People Counter And Employee Performance Management
The retail business has always been one of the most dynamic and fast-moving sectors. Because of the industry’s high turnover rates, retail managers are constantly faced with human resource decisions on hiring, transfers and placement of retail staff. In a study conducted by Hay Group in 2016, the turnover rate in the US retail industry accumulates to over 67%.
With this given fact, here are some ways in which people counters can benefit and enable better decision-making in the retail industry:
Traffic data from people counter technology can project underlying opportunities in staff management and evaluate employees’ overall performance.
With the adoption of people counting, customer counting technology, managers now have the potential perspective of evaluating employees by incorporating traffic results with their overall performance. Thus, allowing management to understand who are the ones who achieve sales targets only due to good traffic and who are the real performers in any sales environment.
Managers can compare the store’s year over year sales to the overall traffic generated by people counter data. A store’s performance can be evaluated by whether sales exceed the total amount of accumulated traffic. Data from traffic counters can depict whether the staff has been grasping every sale opportunity with every walk-in consumer. In other words, if sales do not exceed overall traffic repeatedly in a given period, management may need to rethink about individual employee performance, scheduling and operational restructures.
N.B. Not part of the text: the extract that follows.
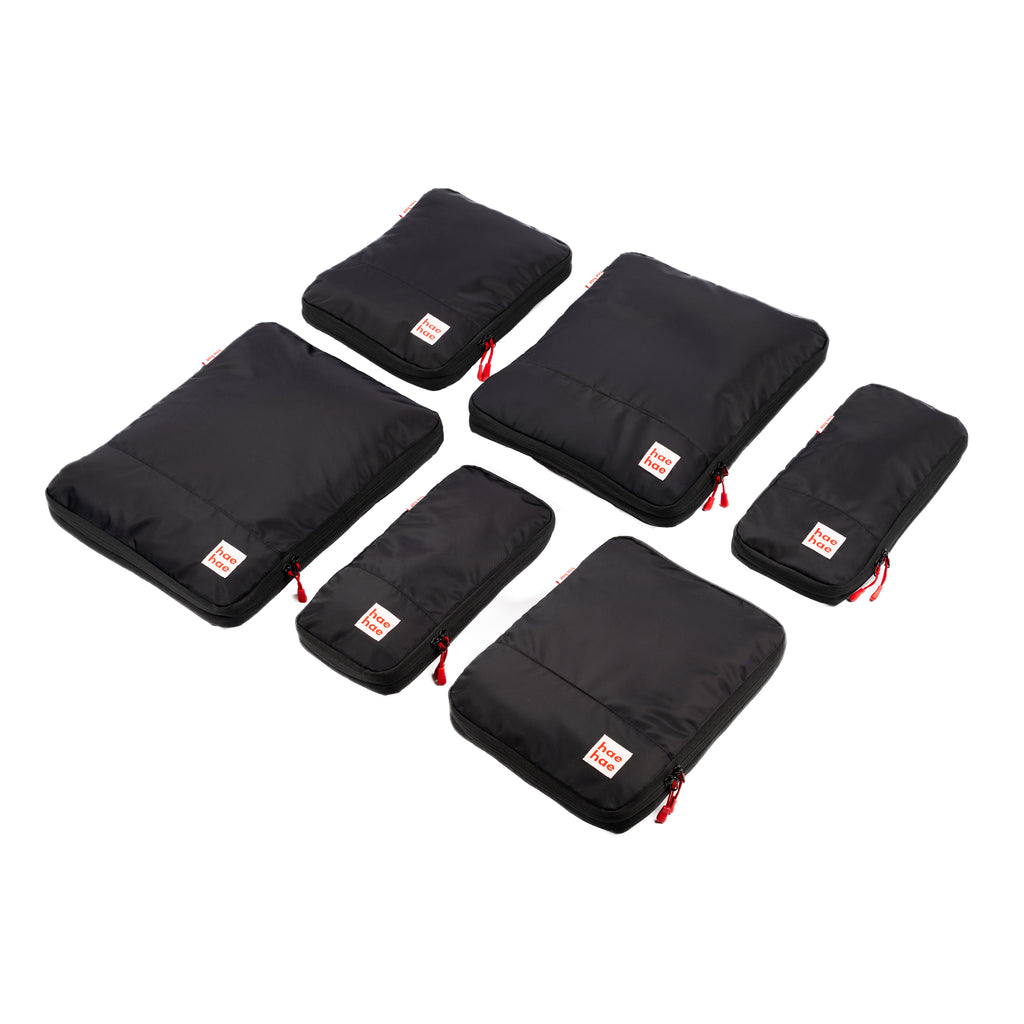 hae hae compression packing cube using dual zip system to reduce clothing volume, ink 6 pack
Sales data can further be analyzed in reference to the Units Per Transaction metric. The metric enables management to dissect the performance and understand whether employees have capitalized on each sales opportunity.
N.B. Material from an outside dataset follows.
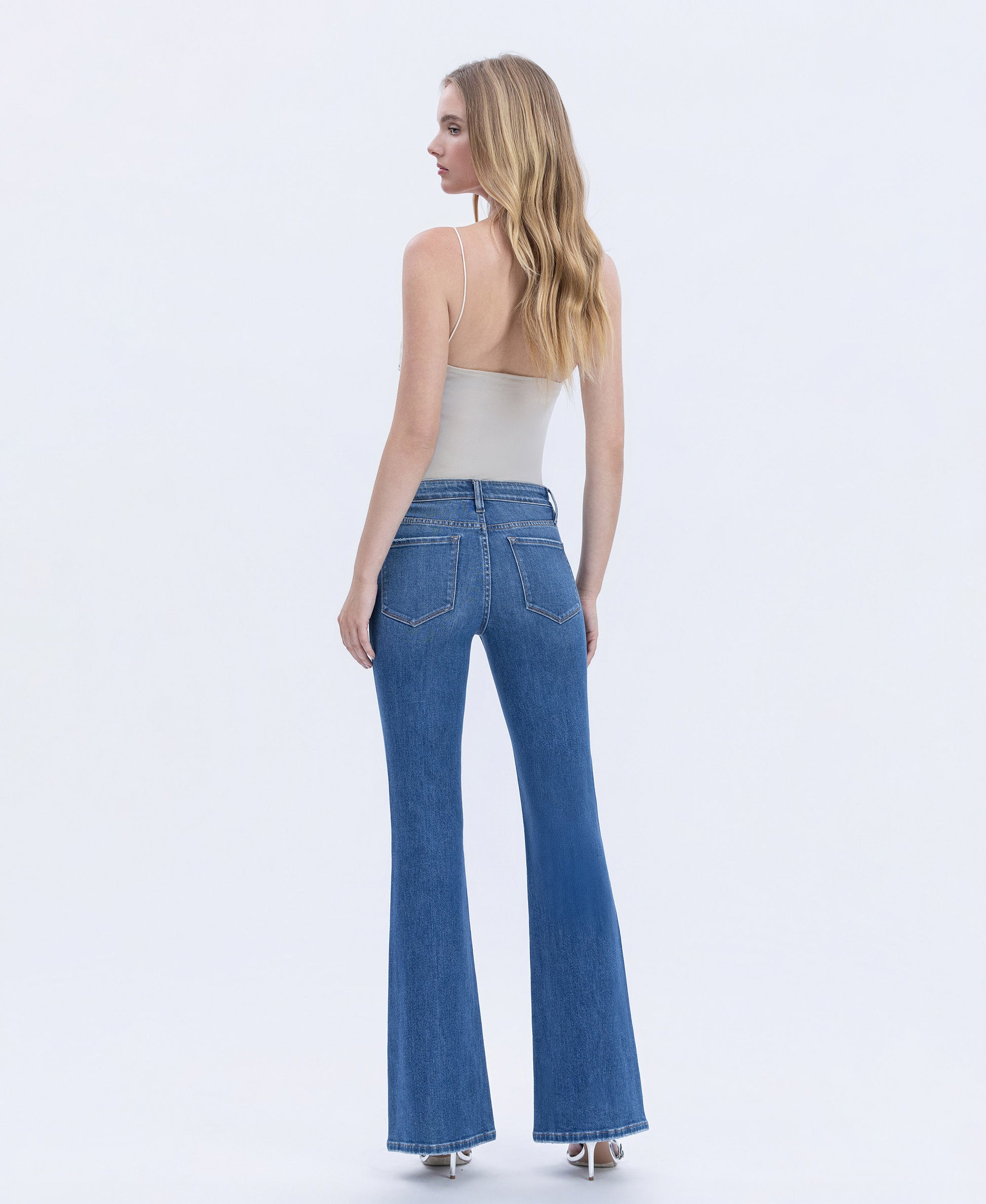 Back product images of Inspiring - Mid Rise Welt Pocket Pin Tuck Flare Jeans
Promotion and Transfers of Employees
People counter data also benefits staff transfers between locations as it allows decision-makers to understand the scale of business the candidate has previously faced. By analyzing sales metrics with the traffic data from people counters, it provides insight into a candidate’s multi-tasking, up-selling and cross-selling abilities. For instance, a sales associate who has consistently achieved sales targets in a low traffic location can be considered a better performer compared to one who has similar achievement in a higher traffic store.
In addition, it is crucial to understand that the type of consumer traffic varies and is not the same in every location. Some stores may attract more “tourist” and “browser” consumers. On the other hand, other locations may drive more consumers with an aim for purchase. Ultimately, every individual consumer is an opportunity, regardless of their aim when entering the store. However, it is the sales representative’s aim to convert every browser into a buyer. Understanding the different types of consumers in a location enables decision-makers to see the scope of business the candidate has previously faced and their ability to connect, convert and retain their clients.
Scheduling employees to optimize store performance
People counter data helps managers plan and assess employees’ schedules. This can be done by initially defining the “types” of sales associates combined with the traffic patterns during different time frames. Sales associates who can work with multiple shoppers simultaneously should be placed during days with projected busier traffic. While sales associates who are more suited for more consultation sales can be placed on the slower days to optimize store performance.
People counting technology provides analytical support for decision making in the business. With this data, retail management software is able to project future performance based on store traffic. Additionally, people counter supports management set realistic expectations on sales goals, sales per shopper and units per transaction.